Lance Swigart lives nine miles outside of Hotchkiss. He grows 90 percent of his food and harvests 100 percent of his seeds from a garden he grows above 6,000 feet elevation. He has been building his incredibly beautiful garden space for the last 25 years, and is a wealth of information about all kinds of gardening from grains to beans to fruits and vegetables, even nuts.

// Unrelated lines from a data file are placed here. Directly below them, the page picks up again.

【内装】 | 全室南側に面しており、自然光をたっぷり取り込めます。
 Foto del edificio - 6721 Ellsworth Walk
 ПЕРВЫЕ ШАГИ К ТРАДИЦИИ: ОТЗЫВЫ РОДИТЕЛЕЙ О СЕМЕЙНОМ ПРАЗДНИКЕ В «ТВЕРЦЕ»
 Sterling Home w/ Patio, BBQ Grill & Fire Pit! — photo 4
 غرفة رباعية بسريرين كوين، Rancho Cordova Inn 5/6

Enjoy these photos taken by Suze Smith, a local photographer who has worked on this documentary for the past year in hopes that it will highlight the value of the organic food and sustainability movement in the irreplaceable North Fork Valley.

To make comments about how seasonal weather shifts are affecting your own garden and environment, go to iSeeCHANGE, a crowd-sourced reporting project hosting conversations between citizens and leading scientists about environmental change in western Colorado.

7/23/2012   Here’s what we learned from Lance today:

Crops to be planting:  fall peas, kholrabi, beets, radishes, pintos (60 days to maturity)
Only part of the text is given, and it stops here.